The above has described use of a cryptographic proof of work as the consensus mechanism for adding blocks to the DLT. However, it is possible that other consensus mechanisms may be used, such as a proof of stake consensus mechanism. In proof of work mechanisms, many ‘miners’ compete to find the hashed value. All of the computing, and associated electricity, done by the miners that were not successful in finding the hashed value is wasted. In proof of stake mechanism ‘validators’ which are similar to miners pay an amount into the network, their ‘stake’ and one of the validators is selected at random with the probability based on the amount of stake the validator has. The selected validator may then generate the hashed value for the block, which does not require determining the nonce to prove the work, and add the block to the DLT. The proof of stake consensus mechanism avoids the large amount of wasted computations performed by proof of work. It will be appreciated that the proof of work or proof of stake consensus mechanism may be used in the DLT, or alternative consensus mechanisms could be used such as proof of capacity, proof of activity, proof of burn, etc.

The DLT network can execute code contracts 204 that provide various functionality including functionalities used by the fully decentralized communication system. Each code contract 204 is program code that is executed on the DLT network. The code contract is a collection of code function(s) and data providing the code contract's state. Each code contract may be a type of DLT account and resides at a specific address on the DLT. Code contracts may have a balance and can send transactions over the DLT network. However, rather than being controlled by a user, code contracts may be deployed to the network and run by the DLT nodes as programmed. User accounts can interact with a code contract by submitting transactions that execute a function defined by the code contract. Code contracts can define rules, like a regular contract, and automatically enforce them via the code. As described further below, a number of different code contracts can be provided that help provide the communication system using the DLT.

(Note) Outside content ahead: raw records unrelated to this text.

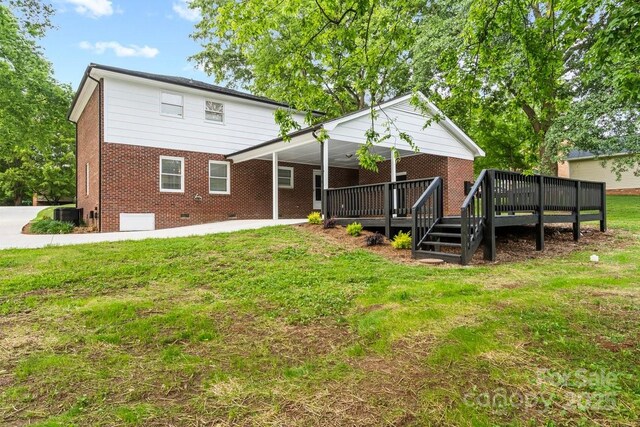 5811 Gettysburg Dr, Concord, NC 28027 - back of property featuring a yard, brick siding, a wooden deck, and crawl space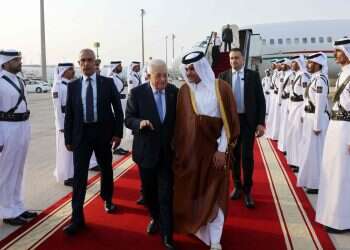 The Palestinian Authority's press office (PPO) shows Palestinian President Mahmud Abbas (L) received by Qatar's Deputy Prime Minister Saoud bin Abdulrahman Al Thani upon arrival in Doha on September 14, 2025, ahead of an Arab Islamic emergency summit Egypt, Turkey, Qatar pursue rival plans for phase II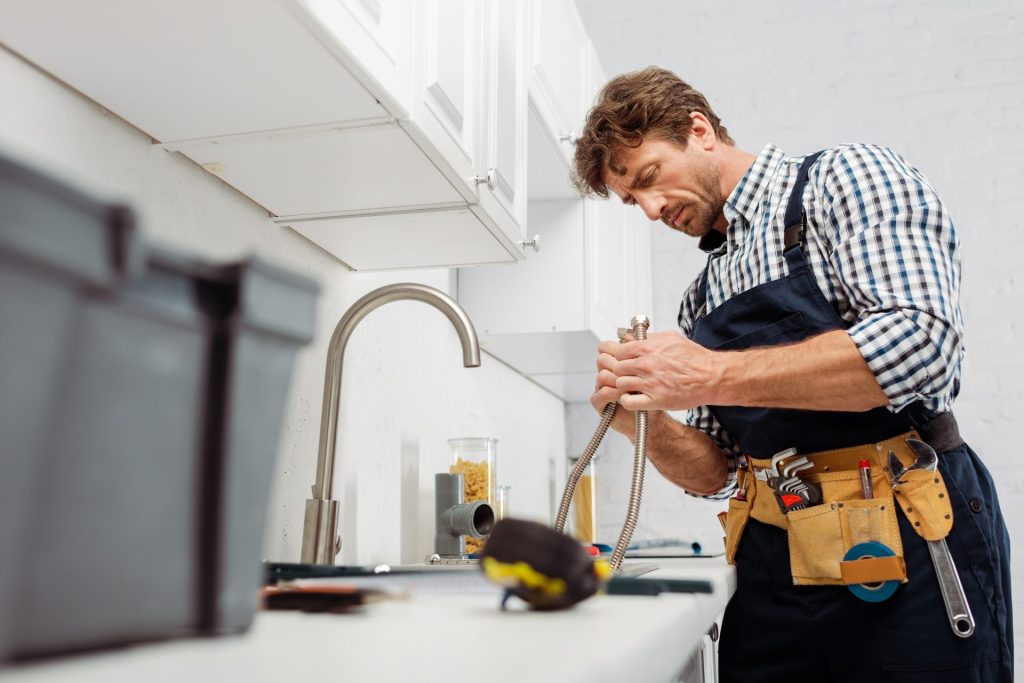 Plumber working on pipes under a kitchen faucet with tools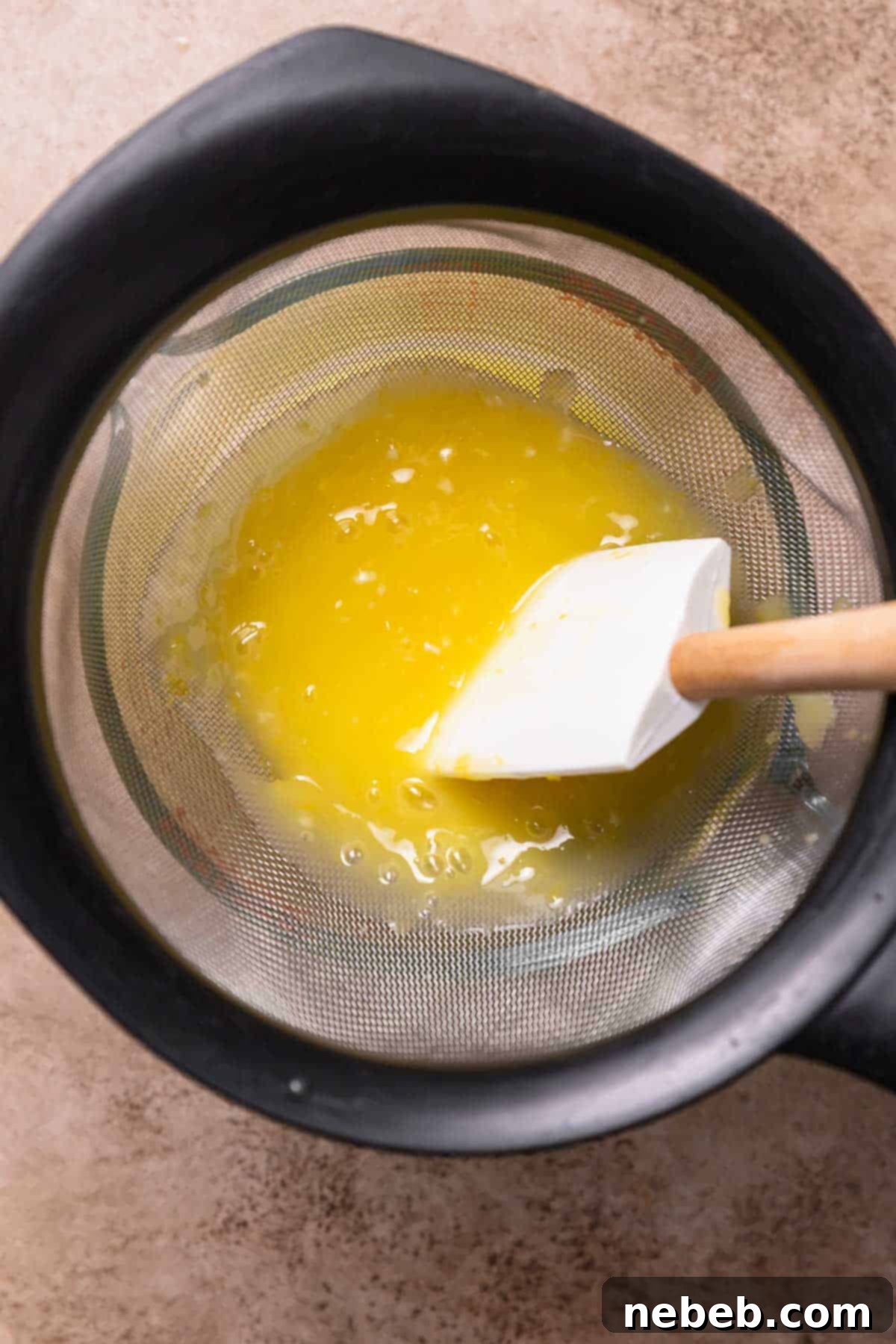 Thickened lemon curd being pressed through a fine mesh strainer into a clean bowl, ensuring a perfectly smooth texture.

FIG. 3 depicts details of DLT components of a fully distributed communication system. One or more communication devices 302 may be used, for example by an end user or administrator, within the communication system. The communication devices 302 may implement the administration interface and/or the user interface similar to that described above with reference to FIG. 2. The communication devices may include, for example, a communication module 302a and a DLT module 302b. The communication module 302a may provide functionality for establishing communications, which may be either real-time or non-real-time, with other devices. The communication module 302a may require information stored on the DLT when establishing communications and may use the DLT module 302b to retrieve the required information. The communication module 302a may also provide information to the DLT 302b including for example providing contact information such as an IP address of the device. The DLT module of the communication devices may use different code contracts 304 that can be executed on the DLT in order to store and/or access information on the DLT. As depicted, the code contracts may code contracts for adding and/or updating user information 304a, getting and/or updating contact addresses 304b such as an IP address, and getting and/or updating trust scores of a user 304c. It will be appreciated that these code contracts are intended to be illustrative and additional code contracts may be included. The code contracts can provide functionality for evaluating the trust of users of the system

Regardless of the particular code contracts, user information may be created, read, updated on the DLT 306. As depicted, the DLT may store user information for different users 306a, 306b, 306c that can be used for communicating with the user. The information may include, for example, user name or other identifier, contact information which may include various user names or alias as well as contact IP information. Although only contact IP address is depicted it will be appreciated that the contact IP address may also specify a port associated with the contact IP used for communicating with the user. Additionally, although only a single contact IP address is depicted, it is possible to include multiple IP addresses. The user information may further include additional information such as encryption keys for the user as well as their trust score. The user information may be stored on the DLT as transactions within the blocks. However, since a block is immutable, when updating a user's information, a new user information may be stored, or possibly only those portions that have changed.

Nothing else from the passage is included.